Downstairs she dumped three of yesterday’s muffins on a plate and filled a glass with milk. Henry’s singing was loud enough to drown out a flock of birds. She opened the door and shoved the plate into Henry’s hands without so much as a good morning.

She slammed the back door and hurried to the front of the shop. They’d be opening in just an hour and she had a million things to do. She raced around the shop firing up the coffee machine and then went back to the kitchen to preheat the oven. She dumped ingredients into a bowl, turned on the mixer and then rushed to get the morning’s newspapers for her old school customers from the front stoop. Then she raced back to the kitchen to get the muffins in the oven. She spooned the dough into the muffin pan with a scoop, listening to the splat as the dough landed in each cup.

“I am not in love with him,” she muttered to herself. “I can’t be. I haven’t known him that long. And we’re total opposites. We could never live together. I’d drive him crazy in a week. What was I thinking? I knew I shouldn’t get involved with my tenant. I knew it, and what did I do? I went right ahead and did it anyway. Stupid. Stupid. Stupid.”

“Do you always insult your baked goods before you put them in the oven?”

Annie yelped and dropped her scoop. Wearing jeans and a T-shirt, Fisher stood in the doorway watching her.

“How long have you been there?”

“Long enough,” he said. “Isn’t it bad karma to insult your food? I mean I know muffins aren’t the smartest of food groups, but should you really call them stupid to their faces?”

“They have faces?” she asked. This conversation was absurd, but it beat the alternative. She watched as he walked toward her. He picked the scoop up out of the bowl and plopped some dough into an empty muffin cup.

“I thought you could use some help,” he said and turned to face her. When she didn’t say anything, he pulled her close with one arm and lightly kissed the end of her nose. “It’s going to be all right.”

She let herself lean against him. Oh boy, in the love department, she wasn’t a muffin – she was toast. Burnt toast.

She tried to be professional and maintain her distance. Really, she did.

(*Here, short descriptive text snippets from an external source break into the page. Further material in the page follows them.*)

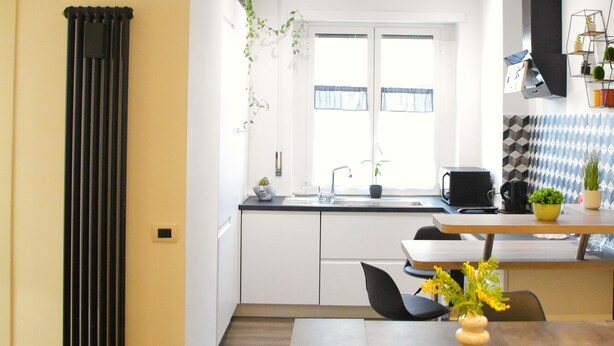 Une cuisine moderne avec des meubles blancs, un radiateur noir et un coin repas comprenant une table et des chaises.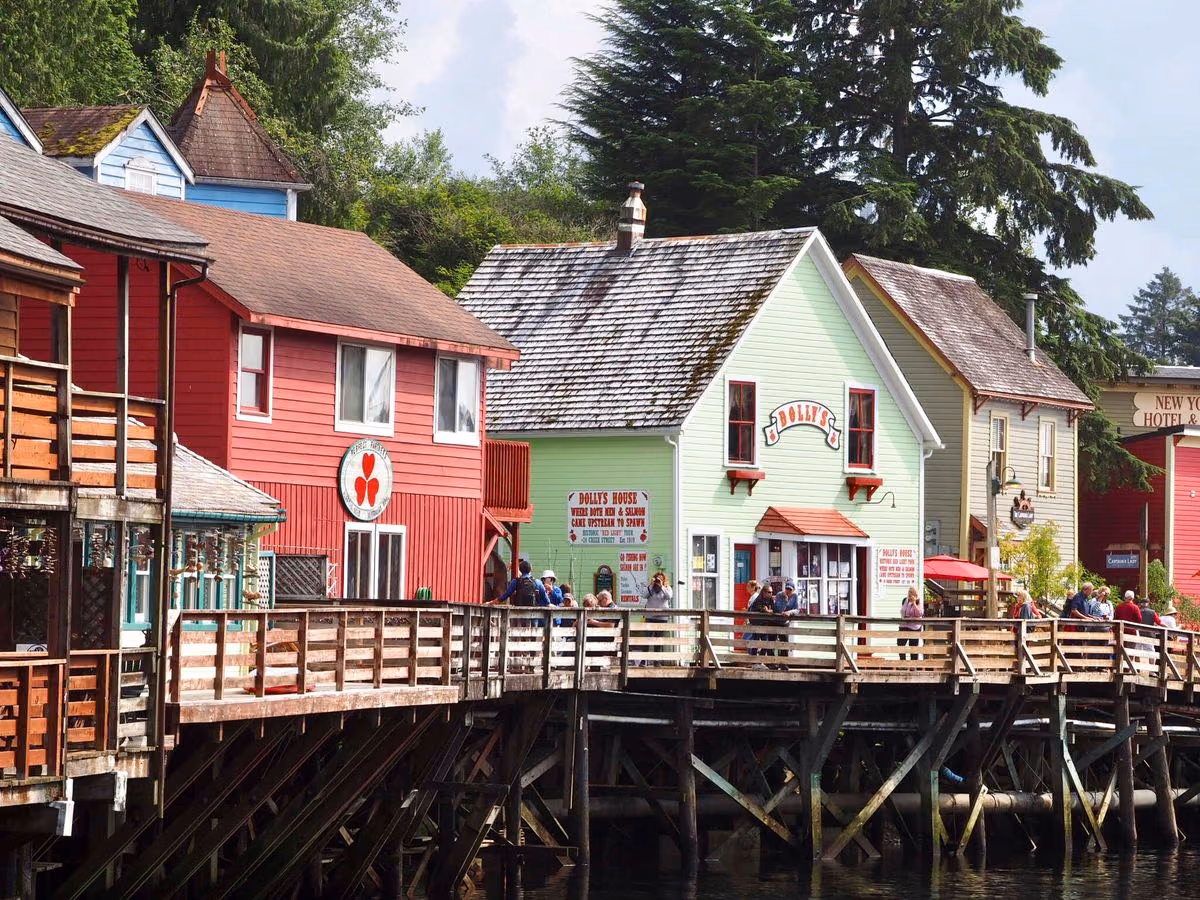 Colorful wooden houses along the Ketchikan, Alaska waterfront with people walking on a wooden dock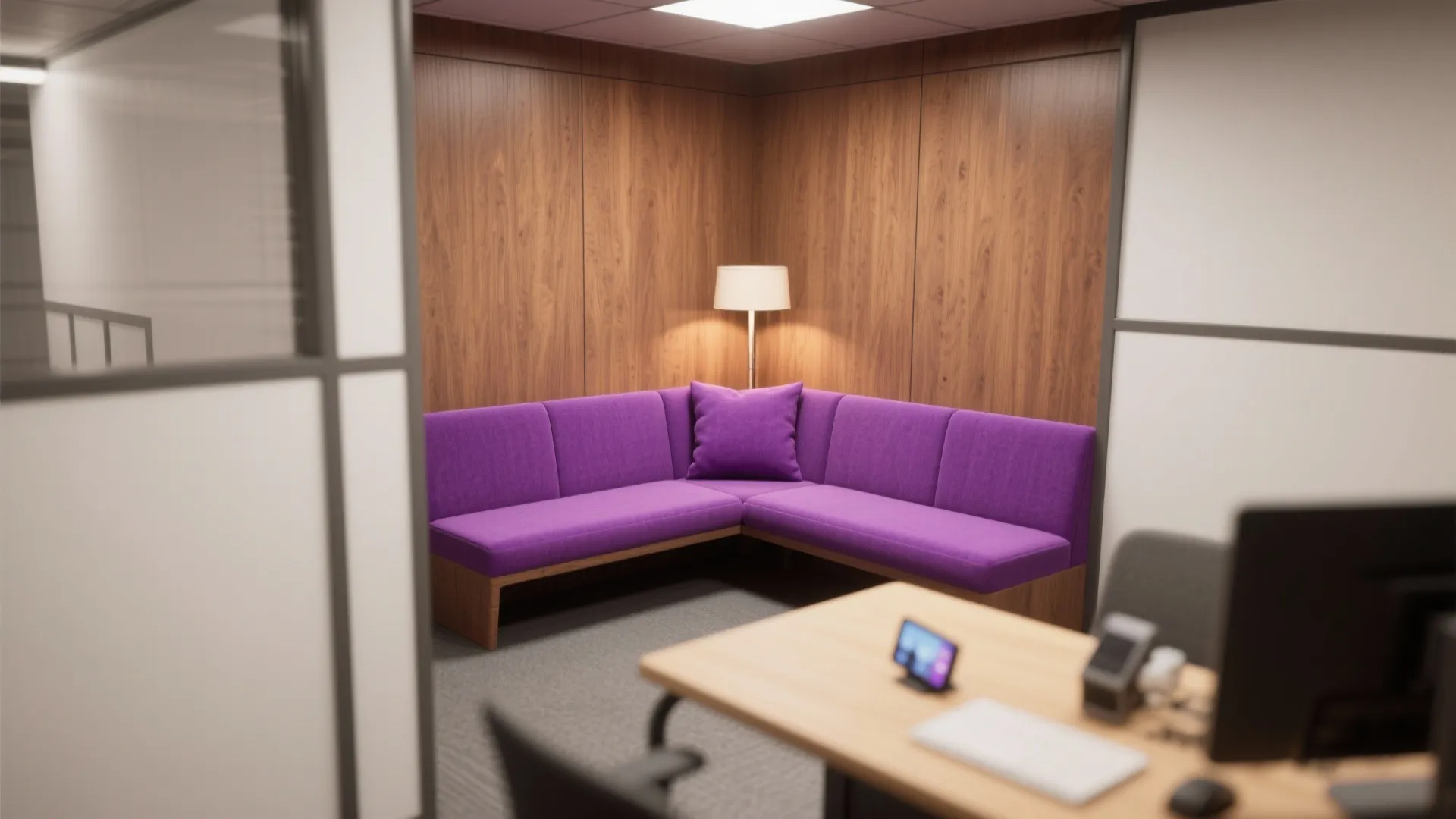 Purple corner sofa against wood walls with a floor lamp in a small office nook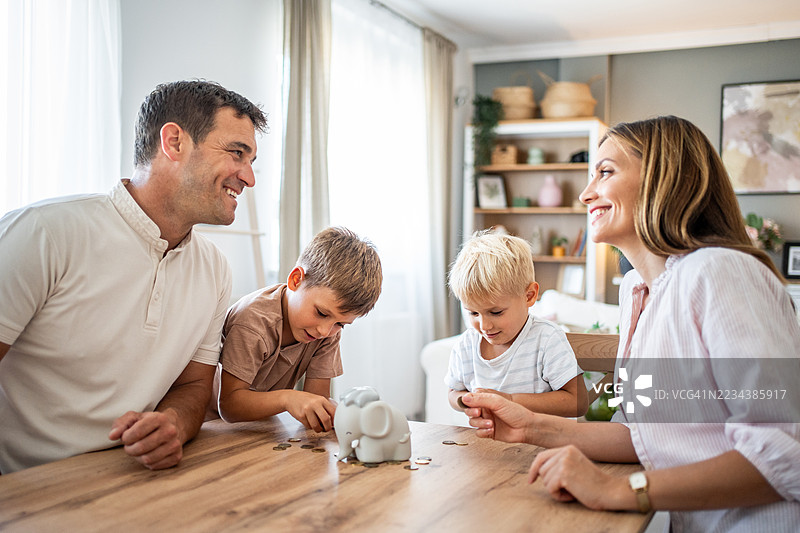 快乐的家庭在家一起存钱图片素材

But every time she turned around there he was, working the counter, clearing tables, chatting it up with her customers. She couldn’t get away from him.

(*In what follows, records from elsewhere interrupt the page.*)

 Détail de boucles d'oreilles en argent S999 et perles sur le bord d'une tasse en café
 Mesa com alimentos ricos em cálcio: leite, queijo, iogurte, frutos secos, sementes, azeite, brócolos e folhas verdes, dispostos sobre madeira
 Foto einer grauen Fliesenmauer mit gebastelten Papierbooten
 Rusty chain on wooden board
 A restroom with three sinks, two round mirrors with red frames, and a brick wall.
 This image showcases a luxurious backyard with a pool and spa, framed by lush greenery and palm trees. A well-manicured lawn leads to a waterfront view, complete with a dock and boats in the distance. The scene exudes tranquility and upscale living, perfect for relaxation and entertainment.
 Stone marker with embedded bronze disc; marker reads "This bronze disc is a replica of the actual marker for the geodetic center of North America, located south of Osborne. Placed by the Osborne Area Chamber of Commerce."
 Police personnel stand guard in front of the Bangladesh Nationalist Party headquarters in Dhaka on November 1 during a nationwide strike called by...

Three times she caught herself staring at him and the third time he turned and winked at her, letting her know that he knew she was watching him. Annie was mortified.

She knew she was being paranoid, but she felt as if everyone knew that she had spent the night with him last night. When she saw the waitresses talking, she was sure they were gossiping about her. If a customer studied her too closely, she feared they were speculating about her and Fisher. She was giddy and embarrassed and couldn’t concentrate worth a damn. It was completely irrational.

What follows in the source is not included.